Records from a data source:
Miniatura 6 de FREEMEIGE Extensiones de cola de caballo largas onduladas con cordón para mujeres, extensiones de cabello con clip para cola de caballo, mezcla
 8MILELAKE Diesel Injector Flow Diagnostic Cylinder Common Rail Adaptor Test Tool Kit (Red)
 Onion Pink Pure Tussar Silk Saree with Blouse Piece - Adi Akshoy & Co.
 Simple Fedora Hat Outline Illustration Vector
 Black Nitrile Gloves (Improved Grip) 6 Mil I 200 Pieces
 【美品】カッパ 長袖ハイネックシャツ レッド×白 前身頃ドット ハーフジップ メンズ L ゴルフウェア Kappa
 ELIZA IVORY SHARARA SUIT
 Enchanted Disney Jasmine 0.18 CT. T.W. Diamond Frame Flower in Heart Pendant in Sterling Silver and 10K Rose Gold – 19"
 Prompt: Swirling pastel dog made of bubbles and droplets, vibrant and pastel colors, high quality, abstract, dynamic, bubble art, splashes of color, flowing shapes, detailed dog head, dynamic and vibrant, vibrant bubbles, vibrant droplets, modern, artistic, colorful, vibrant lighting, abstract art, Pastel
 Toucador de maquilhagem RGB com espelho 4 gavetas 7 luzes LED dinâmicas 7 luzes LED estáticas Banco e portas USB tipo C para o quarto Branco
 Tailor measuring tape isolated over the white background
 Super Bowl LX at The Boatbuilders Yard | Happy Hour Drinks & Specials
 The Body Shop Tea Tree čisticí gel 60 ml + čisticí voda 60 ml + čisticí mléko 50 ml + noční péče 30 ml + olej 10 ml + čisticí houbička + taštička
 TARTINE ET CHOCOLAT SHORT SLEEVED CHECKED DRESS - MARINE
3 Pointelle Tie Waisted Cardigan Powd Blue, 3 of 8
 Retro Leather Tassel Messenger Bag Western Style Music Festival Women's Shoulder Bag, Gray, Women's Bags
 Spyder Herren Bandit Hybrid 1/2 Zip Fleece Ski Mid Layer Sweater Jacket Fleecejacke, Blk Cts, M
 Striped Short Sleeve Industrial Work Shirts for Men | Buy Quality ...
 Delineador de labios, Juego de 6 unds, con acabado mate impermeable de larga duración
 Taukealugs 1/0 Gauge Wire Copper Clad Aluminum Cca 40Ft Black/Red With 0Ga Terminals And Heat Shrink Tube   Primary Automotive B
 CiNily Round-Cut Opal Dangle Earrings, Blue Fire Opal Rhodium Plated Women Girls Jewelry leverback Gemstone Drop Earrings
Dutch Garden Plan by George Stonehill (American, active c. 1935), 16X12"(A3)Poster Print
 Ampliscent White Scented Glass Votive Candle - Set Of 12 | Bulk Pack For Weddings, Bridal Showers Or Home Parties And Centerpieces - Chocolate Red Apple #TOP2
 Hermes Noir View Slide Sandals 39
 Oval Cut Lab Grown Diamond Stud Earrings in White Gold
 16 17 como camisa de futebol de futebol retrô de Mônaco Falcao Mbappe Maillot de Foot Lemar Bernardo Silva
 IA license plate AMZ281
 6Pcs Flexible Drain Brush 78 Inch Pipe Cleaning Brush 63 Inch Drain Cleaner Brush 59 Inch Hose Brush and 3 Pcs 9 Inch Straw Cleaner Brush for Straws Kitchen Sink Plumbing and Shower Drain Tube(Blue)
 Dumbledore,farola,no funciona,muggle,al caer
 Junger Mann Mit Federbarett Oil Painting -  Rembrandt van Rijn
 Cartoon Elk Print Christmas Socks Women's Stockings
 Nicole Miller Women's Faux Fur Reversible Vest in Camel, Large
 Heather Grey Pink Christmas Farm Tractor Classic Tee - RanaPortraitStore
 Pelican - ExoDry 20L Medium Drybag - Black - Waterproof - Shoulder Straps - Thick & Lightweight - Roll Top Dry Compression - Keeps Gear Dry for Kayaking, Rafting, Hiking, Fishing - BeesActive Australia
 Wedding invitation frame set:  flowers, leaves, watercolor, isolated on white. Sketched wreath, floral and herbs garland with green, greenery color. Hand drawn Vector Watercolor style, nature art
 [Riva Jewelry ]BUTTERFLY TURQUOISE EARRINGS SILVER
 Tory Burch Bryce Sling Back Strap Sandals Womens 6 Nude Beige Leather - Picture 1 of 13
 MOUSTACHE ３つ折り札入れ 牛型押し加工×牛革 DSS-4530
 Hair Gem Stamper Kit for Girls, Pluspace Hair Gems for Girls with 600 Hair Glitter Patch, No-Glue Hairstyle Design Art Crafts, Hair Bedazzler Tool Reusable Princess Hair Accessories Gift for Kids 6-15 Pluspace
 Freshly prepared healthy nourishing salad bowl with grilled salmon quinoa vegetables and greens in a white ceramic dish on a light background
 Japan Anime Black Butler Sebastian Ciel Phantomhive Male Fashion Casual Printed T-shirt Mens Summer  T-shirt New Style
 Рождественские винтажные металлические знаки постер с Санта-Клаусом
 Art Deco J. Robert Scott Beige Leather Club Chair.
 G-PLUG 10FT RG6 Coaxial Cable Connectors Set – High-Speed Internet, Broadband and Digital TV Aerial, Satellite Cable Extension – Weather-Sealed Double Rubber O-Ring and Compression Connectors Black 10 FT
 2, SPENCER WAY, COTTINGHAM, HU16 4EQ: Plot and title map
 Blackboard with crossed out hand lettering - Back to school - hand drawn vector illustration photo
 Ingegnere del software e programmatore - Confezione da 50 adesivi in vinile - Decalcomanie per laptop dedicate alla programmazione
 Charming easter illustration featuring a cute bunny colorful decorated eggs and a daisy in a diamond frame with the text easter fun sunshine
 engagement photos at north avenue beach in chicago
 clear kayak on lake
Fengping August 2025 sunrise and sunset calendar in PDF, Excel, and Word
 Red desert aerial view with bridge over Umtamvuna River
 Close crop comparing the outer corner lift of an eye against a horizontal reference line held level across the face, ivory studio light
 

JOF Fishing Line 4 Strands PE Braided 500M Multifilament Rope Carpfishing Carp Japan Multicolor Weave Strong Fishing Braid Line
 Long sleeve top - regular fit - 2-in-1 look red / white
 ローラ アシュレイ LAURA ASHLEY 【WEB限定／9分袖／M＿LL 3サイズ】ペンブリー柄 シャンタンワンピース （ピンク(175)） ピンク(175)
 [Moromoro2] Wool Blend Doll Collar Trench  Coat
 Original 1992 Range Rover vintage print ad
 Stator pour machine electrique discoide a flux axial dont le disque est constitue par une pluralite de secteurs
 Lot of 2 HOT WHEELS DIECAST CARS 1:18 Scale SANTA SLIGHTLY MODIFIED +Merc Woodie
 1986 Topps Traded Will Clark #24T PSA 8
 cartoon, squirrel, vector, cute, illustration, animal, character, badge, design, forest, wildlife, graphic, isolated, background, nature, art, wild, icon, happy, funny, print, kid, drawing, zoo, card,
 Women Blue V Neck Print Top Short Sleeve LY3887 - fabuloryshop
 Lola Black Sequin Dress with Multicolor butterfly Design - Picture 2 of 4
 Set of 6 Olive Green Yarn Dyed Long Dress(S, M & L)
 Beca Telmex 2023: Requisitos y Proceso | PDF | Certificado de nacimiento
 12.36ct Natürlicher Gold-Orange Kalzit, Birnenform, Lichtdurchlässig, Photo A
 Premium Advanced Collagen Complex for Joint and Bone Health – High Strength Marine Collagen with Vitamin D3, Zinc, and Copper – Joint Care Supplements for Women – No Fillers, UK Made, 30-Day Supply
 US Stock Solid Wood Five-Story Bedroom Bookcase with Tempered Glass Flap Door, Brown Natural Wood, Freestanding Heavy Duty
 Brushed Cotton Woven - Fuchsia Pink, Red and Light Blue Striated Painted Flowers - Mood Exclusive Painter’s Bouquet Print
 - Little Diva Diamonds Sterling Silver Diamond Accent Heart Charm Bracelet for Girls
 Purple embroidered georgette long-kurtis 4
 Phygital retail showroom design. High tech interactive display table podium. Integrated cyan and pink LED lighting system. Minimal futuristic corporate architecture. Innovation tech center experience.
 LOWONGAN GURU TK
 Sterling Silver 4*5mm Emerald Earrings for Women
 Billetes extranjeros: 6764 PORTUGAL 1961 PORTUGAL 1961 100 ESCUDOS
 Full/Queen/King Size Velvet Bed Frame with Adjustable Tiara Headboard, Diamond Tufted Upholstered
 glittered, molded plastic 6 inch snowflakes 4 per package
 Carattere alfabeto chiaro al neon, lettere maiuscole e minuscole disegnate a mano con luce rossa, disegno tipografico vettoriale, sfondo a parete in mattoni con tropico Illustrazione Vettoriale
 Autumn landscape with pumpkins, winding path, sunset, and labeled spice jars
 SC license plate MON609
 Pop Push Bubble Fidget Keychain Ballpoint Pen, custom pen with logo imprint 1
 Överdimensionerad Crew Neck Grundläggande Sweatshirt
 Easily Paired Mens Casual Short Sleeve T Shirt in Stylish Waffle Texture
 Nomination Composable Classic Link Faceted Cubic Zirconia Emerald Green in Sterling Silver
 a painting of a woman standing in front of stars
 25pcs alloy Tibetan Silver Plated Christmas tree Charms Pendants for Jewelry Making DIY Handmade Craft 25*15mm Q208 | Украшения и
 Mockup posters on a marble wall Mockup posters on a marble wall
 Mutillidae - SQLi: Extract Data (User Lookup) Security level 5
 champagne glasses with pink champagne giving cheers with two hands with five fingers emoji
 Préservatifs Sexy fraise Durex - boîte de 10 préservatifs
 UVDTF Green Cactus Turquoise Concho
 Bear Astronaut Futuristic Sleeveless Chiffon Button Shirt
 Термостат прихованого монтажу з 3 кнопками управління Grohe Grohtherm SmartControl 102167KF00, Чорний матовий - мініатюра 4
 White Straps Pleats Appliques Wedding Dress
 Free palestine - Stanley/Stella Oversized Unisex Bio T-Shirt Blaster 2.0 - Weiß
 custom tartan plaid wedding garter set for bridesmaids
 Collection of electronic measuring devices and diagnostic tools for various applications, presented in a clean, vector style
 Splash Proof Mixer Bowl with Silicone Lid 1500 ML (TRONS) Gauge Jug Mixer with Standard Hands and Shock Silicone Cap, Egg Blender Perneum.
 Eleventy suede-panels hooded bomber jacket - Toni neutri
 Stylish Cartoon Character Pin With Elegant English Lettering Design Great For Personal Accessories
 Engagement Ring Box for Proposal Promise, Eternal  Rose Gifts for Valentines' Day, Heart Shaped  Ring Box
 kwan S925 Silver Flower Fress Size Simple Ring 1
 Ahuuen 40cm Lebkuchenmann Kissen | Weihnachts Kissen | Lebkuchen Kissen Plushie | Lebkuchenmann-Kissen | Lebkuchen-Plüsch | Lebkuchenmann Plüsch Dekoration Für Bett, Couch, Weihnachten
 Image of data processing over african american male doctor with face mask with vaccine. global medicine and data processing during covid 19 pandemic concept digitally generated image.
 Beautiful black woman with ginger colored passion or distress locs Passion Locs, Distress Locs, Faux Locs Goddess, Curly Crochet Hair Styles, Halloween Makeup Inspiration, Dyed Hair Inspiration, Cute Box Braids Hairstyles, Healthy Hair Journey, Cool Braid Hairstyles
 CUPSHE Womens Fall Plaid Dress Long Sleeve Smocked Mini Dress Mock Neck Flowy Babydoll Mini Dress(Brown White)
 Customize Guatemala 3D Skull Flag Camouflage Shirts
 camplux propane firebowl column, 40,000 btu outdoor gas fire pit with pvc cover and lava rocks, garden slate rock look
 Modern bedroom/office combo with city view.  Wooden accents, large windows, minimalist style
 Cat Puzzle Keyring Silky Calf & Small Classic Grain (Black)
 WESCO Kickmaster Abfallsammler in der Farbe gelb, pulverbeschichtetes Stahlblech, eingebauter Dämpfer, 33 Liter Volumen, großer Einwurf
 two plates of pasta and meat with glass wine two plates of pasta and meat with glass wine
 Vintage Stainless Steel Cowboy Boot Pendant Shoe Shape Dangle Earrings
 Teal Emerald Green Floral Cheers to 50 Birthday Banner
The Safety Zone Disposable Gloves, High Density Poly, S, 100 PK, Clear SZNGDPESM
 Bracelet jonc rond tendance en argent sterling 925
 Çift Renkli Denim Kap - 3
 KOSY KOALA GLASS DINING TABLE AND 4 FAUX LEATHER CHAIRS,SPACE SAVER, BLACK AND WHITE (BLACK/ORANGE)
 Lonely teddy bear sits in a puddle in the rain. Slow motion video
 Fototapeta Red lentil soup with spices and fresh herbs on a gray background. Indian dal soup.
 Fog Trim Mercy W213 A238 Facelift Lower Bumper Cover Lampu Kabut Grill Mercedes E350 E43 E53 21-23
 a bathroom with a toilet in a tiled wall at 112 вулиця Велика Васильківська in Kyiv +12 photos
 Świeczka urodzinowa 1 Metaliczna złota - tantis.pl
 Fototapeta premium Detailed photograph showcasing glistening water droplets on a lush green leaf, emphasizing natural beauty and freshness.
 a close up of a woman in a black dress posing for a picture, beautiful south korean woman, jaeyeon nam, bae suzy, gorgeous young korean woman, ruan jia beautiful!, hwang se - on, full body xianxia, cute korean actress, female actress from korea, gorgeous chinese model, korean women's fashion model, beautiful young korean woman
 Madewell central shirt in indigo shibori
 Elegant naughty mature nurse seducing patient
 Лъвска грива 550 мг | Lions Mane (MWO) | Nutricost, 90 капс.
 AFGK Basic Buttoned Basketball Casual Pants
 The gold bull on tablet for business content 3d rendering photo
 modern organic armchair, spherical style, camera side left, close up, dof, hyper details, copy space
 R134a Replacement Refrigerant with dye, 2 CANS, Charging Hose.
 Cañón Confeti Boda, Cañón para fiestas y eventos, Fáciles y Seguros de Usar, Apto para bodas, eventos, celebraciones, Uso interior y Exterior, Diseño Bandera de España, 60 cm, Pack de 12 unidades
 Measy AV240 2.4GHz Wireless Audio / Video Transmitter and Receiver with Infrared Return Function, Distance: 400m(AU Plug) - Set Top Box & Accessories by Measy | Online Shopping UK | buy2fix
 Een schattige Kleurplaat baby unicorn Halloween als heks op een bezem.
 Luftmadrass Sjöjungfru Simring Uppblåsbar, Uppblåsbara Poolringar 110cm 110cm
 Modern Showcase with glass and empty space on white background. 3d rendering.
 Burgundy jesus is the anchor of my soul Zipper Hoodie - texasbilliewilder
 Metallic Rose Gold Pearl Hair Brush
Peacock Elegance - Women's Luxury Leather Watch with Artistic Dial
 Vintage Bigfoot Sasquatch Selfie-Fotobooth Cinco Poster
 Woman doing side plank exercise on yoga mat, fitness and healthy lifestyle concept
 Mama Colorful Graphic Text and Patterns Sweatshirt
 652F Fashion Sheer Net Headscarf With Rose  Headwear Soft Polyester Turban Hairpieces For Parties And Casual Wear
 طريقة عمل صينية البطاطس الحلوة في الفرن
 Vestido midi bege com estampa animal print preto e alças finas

» Problem
When copying the data above, please keep exactly the lines from its first line through the line with "Prompt: Swirling pastel", both ends included, and drop the rest.

» Solution
Miniatura 6 de FREEMEIGE Extensiones de cola de caballo largas onduladas con cordón para mujeres, extensiones de cabello con clip para cola de caballo, mezcla
 8MILELAKE Diesel Injector Flow Diagnostic Cylinder Common Rail Adaptor Test Tool Kit (Red)
 Onion Pink Pure Tussar Silk Saree with Blouse Piece - Adi Akshoy & Co.
 Simple Fedora Hat Outline Illustration Vector
 Black Nitrile Gloves (Improved Grip) 6 Mil I 200 Pieces
 【美品】カッパ 長袖ハイネックシャツ レッド×白 前身頃ドット ハーフジップ メンズ L ゴルフウェア Kappa
 ELIZA IVORY SHARARA SUIT
 Enchanted Disney Jasmine 0.18 CT. T.W. Diamond Frame Flower in Heart Pendant in Sterling Silver and 10K Rose Gold – 19"
 Prompt: Swirling pastel dog made of bubbles and droplets, vibrant and pastel colors, high quality, abstract, dynamic, bubble art, splashes of color, flowing shapes, detailed dog head, dynamic and vibrant, vibrant bubbles, vibrant droplets, modern, artistic, colorful, vibrant lighting, abstract art, Pastel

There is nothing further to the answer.